Isn’t there a civic responsibility to plan for massive dislocation?
What should we do if we knew that, in the near future, a large sector of our country’s workers, currently employed with good-paying jobs, would be put out of work by new technologies? Would we ban the new technology to save those jobs? Or, do the scientific breakthroughs and related increases in growth and productivity outweigh the job-loss negatives?
These questions are not theoretical. Thomas Friedman explores these issues and others in his 2016 book, Thank You for Being Late: An Optimist’s Guide to Thriving in the Age of Accelerations. And a December 2015 study by the McKinsey Global Institute found that the US economy is only reaching 18 percent of its “digital potential.”

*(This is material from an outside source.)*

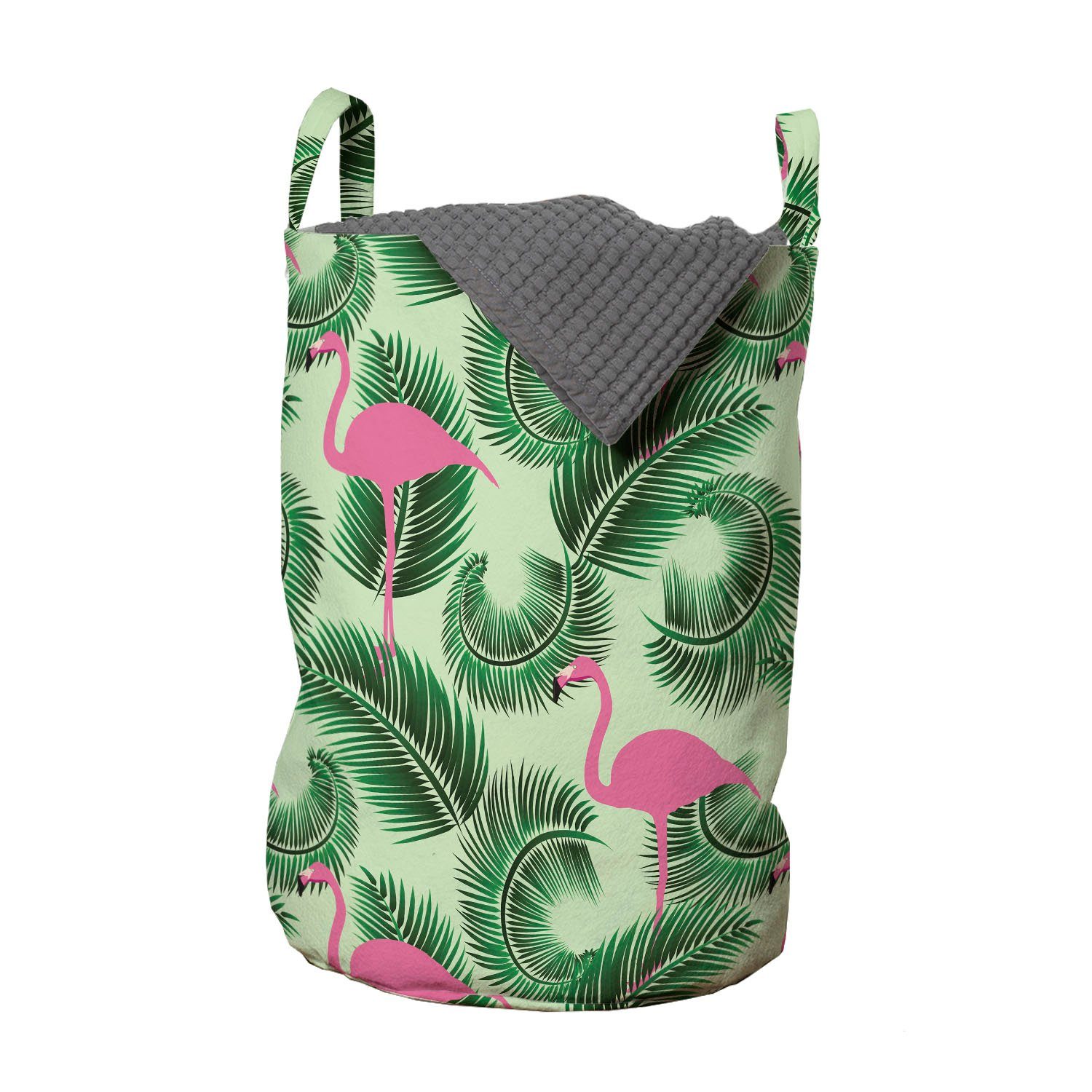 Abakuhaus Wäschesäckchen Wäschekorb mit Griffen Kordelzugverschluss für Waschsalons, Flamingo Sommer tropischer Vogel Palm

The McKinsey report projects that “about half the activities people are paid almost $15 trillion in wages to do in the global economy have the potential to be automated by adapting currently demonstrated technology. While less than 5 percent of all occupations can be currently automated, about 60 percent have at least 30 percent of constituent activities that could be automated. ”
Going forward, McKinsey projects, more occupations will change than will be eliminated through automation. Even a 4-year-old study done at the University of Oxford’s Martin School “estimates that 47 percent of jobs in the US are ‘at risk’ of being automated in the next 20 years.”

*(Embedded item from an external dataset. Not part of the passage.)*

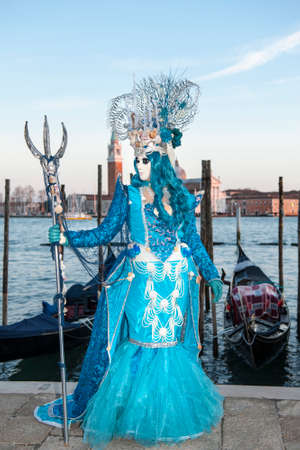 VENICE, ITALY - Febrary 21 2020: The masks of the Venice carnival 2020のeditorial素材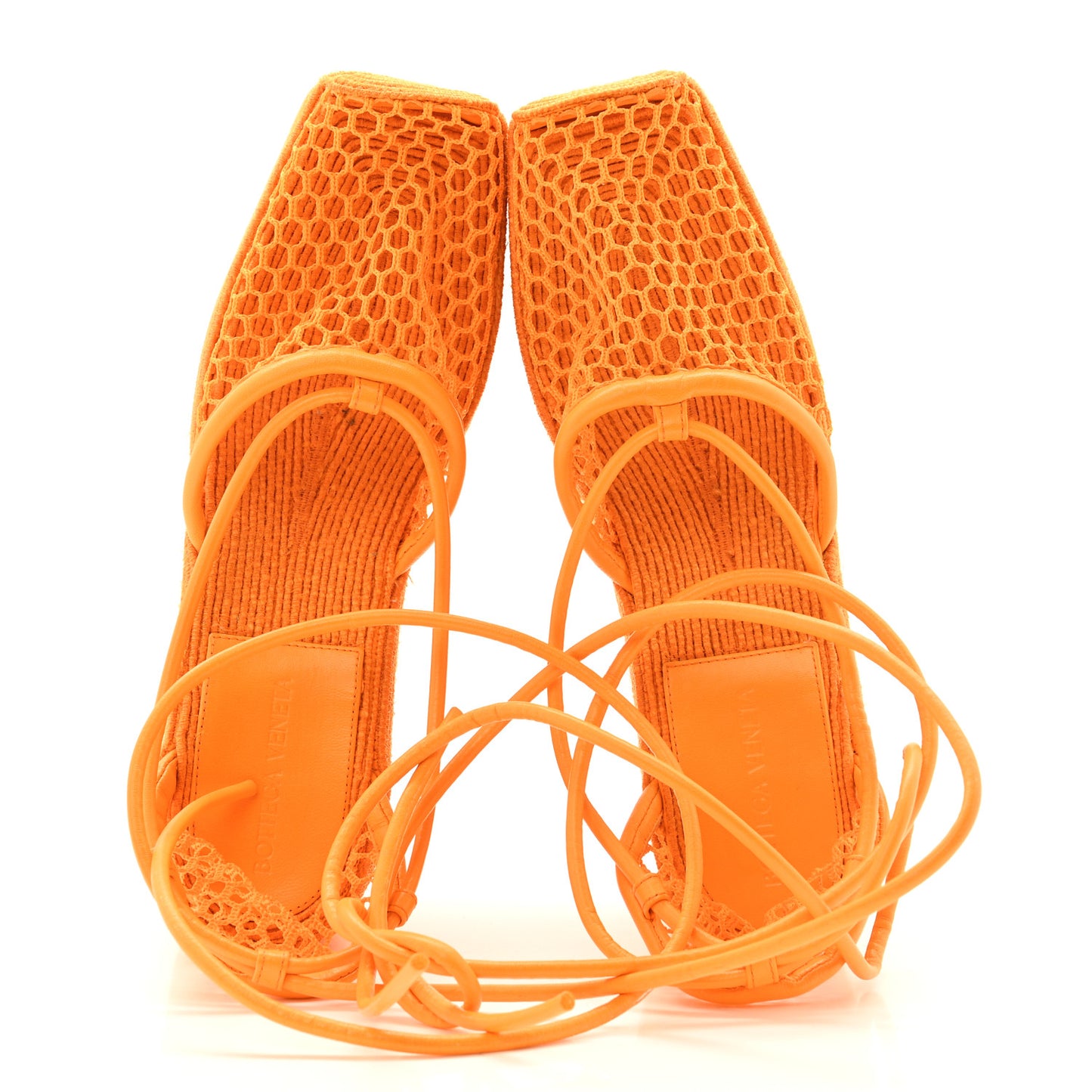 Mesh Lambskin Sporty Web Stretch Ankle Tie Espadrilles 39 Tangerine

As the studies illustrate, it is very clear that technological advances are now coming faster and faster and starting to supplant even white collar skills.
Take, for example, the potential impact of autonomous vehicles. In the US, there are 3.5 million professional truck drivers, in addition to all of the drivers for mass transit, local deliveries, taxis, etc. One out of every 15 workers in the country is employed or associated with the transportation industry. Clearly, the impact of this new technology could be devastating to a large part of the nation’s workforce and their families.
If these disruptive technologies keep probing for efficiencies in our economic system and accelerate the obsolescence of certain classes of workers, isn’t there a civic responsibility to prepare for that inevitability? Living in a world reminiscent of Ayn Rand’s philosophy of positivism, where it is the survival of the fittest and “tough luck” to anyone else, is not going to sit well with the millions of the soon-to-be-unemployed Americans.
“When the rate of change eventually exceeds the ability to adapt, you get dislocation – when the whole environment is being altered so quickly that everyone starts to feel they can’t keep up,” Friedman writes in his book. “There is a mismatch between the change in the pace of change and our ability to develop the learning system, training systems, management systems, social safety nets, and government regulations that would enable citizens to get the most out of these accelerations and cushion their worst impacts. This mismatch is at the center of much of the turmoil roiling politics and society today.”
Bill Galston from The Brookings Institution suggests that many of the displaced workers have not been able to find new jobs that pay as much as the previous ones, with wages dropping an average of 40 percent when they do find a new job.
Eric Teller, CEO of Google X Research stated, “We certainly don’t want to slow down technological progress or abandon regulation. The only adequate response is that we try to increase our society’s ability to adapt.” For workers going forward, the only way to retain a lifelong working capacity is to engage in lifelong learning.
Governments (federal and state) are going to have to do better in two areas. First, they will have to provide a much improved “safety net” for the unemployed. There will be more of the unemployed and these workers will be out of work for a much longer period of time. It will certainly take longer to find a comparable job that meets the worker’s skills (with fewer of these jobs available). And it will take longer for the worker to get additional training to qualify for those jobs that are available.
I suggest that we need a new system of wage insurance to minimize the negative effects of extended unemployment. The system would provide workers going through a training program with supplemental wages over what they would be currently receiving to give them time to be retrained for a higher-paying job.
Secondly, the US will need to adapt its institutions and training pathways to help workers acquire new skills. The nation’s educational system and job training programs have not been sufficiently agile to respond to the needs of those businesses that are expanding and hiring. Even a college degree is not sufficient to guarantee a new job in the new economy. New online training modules that can be adapted and adjusted in short order will be needed to fine tune a prospect’s skill set to match a company’s requirements.
According to Friedman, the new workplace employers will value workers who can demonstrate the needed abilities for the job. These employers will need to provide multiple avenues for lifelong learning that are priced right, available on demand, and seamlessly responsive to the changing needs of the workplace. They also need to be fueled by a regulatory and tax policy to assure their widespread adoption.
What is very clear is that the status quo is not an option. Government will soon have to acknowledge that one of the greatest threats to our society will be the wasting away of our human resources. If there is no hope for the future (a job, a family, a home) for everyone in America, then the golden age of America, as a land of opportunity for all, will be a thing of the past.